No hubiera estado de más encontrar, entre todas esas impecables enseñas, y también colgado de un mástil, “un fino paño de color rojo, descolorido y muy usado”. Ese trapo fue el que le sirvió a Nathaniel Hawthorne para ponerse a escribir La letra roja, una de esas grandes novelas que recrean lo que fue aquel país cuando empezaba a construirse y que se publicó en 1850. Lo explica el narrador en el prólogo del libro. Trabajaba en una aduana y un día, husmeando entre la morralla que se acumula en los despachos, encontró un pequeño paquete de cierto interés, “cuidadosamente envuelto en un trozo de antiguo y amarillo pergamino”. Contenía poco más que un puñado de papeles privados y aquel andrajo de paño rojo. Lo examinó con cuidado y descubrió que formaba la letra A.
La letra roja cuenta la historia de Ester Prynne, una mujer que vivió en Massachusetts hacia finales del siglo XVII y que formaba parte de una de aquellas primeras comunidades de colonos ingleses que llegaron a América para instalarse a vivir allí. La primera vez que aparece en el libro se dirige hacia un patíbulo con una criatura de tres meses en sus brazos. Ha tenido un hijo fuera del matrimonio, las autoridades quieren obligarla a revelar el nombre del padre y, al negarse, la castigan a llevar sobre su pecho para siempre la marca de su pecado, la letra A. El nuevo presidente se refirió algunas veces en su discurso a la historia de Estados Unidos y, a poco que se afinara la imaginación, no era difícil ver que aquel andrajo seguía estando ahí.
Porque lo que esa letra A contiene (o muestra o confirma) es la existencia de una comunidad compacta y tan profundamente segura de sus principios e ideales que se siente legitimada para estigmatizar con una marca llena de oprobio al disidente, al distinto, al pecador.

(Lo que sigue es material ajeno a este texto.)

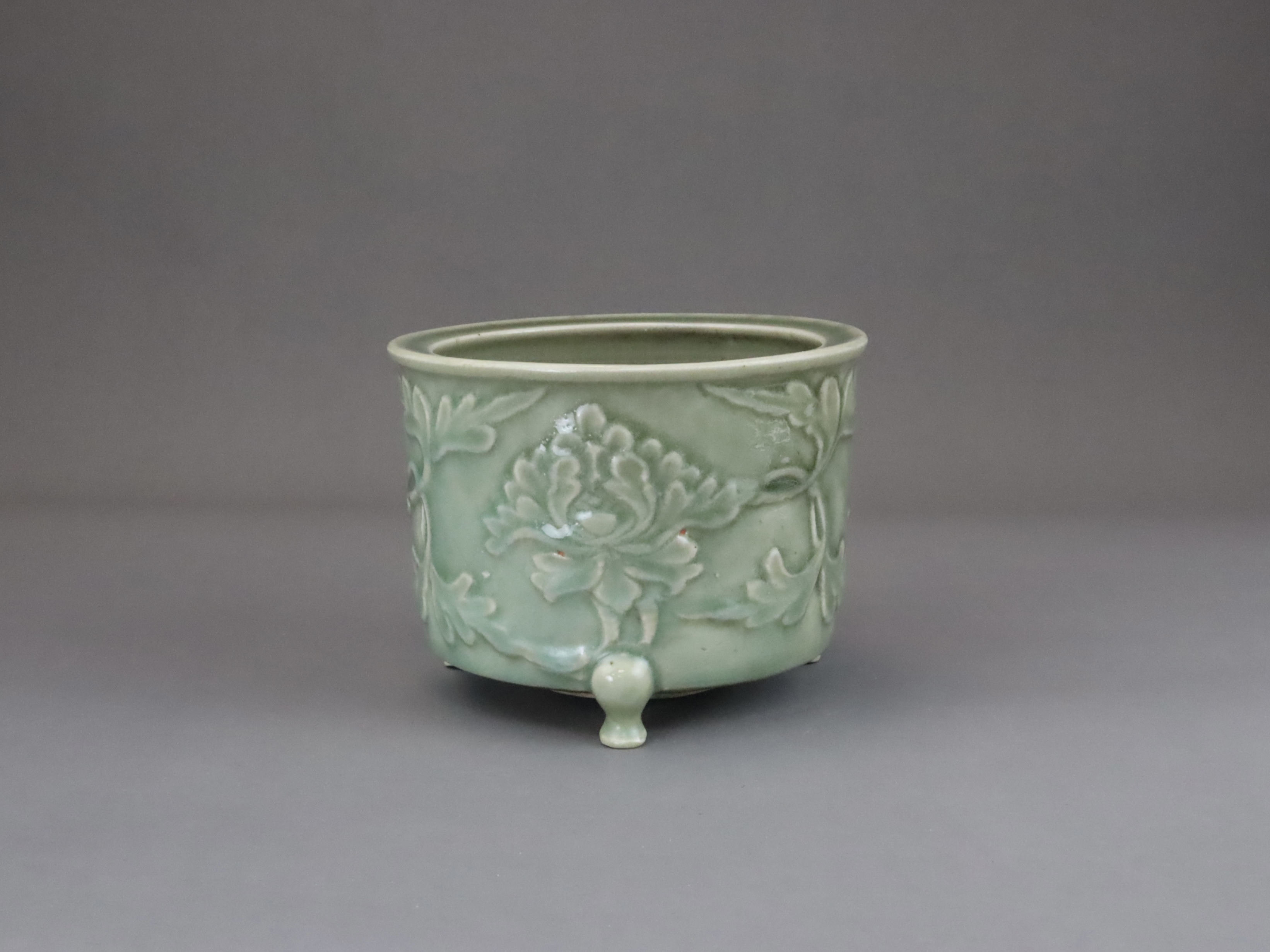 A Longquan Celadon Peony Tripod Censer, early Ming dynasty,  - Image 3 of 14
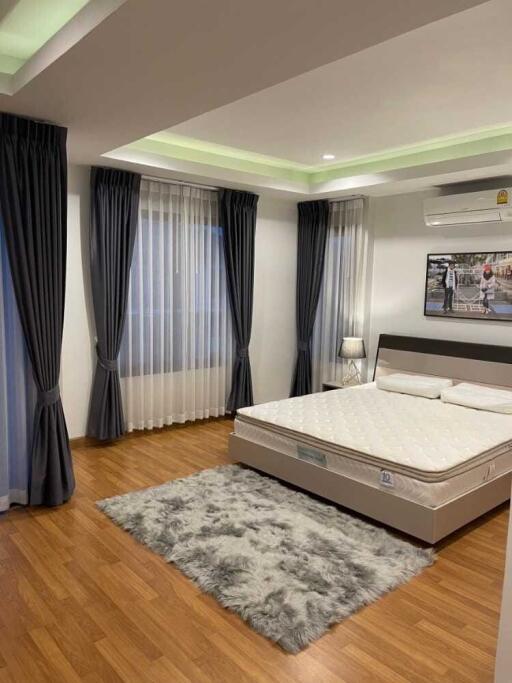 Modern bedroom with wooden floor, large windows with curtains, bed, and decorative rug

Que nadie tuerza la nariz, es evidente que el celo de los puritanos ya no se manifiesta en estos tiempos con la virulencia de aquellas remotas épocas en las que el hombre blanco se iba haciendo sitio (¡y de qué manera!) en el nuevo mundo. Hawthorne rasca en las capas más recónditas de aquellos pioneros y va descubriendo las dobleces de unas gentes que se comportan como si no tuvieran mácula alguna y estuvieran, por tanto, legitimadas para demoler al que se aparta de sus designios.
Esa actitud tan prepotente con el diferente está ahí, y explica la hondura de la actual polarización. Si al saberme protegido por el compacto grupo de los míos sigo señalando al otro como culpable, no será fácil ni el diálogo ni el perdón. La tarea de Biden es procurar arrancar, y quemar de una vez, aquel andrajo rojo.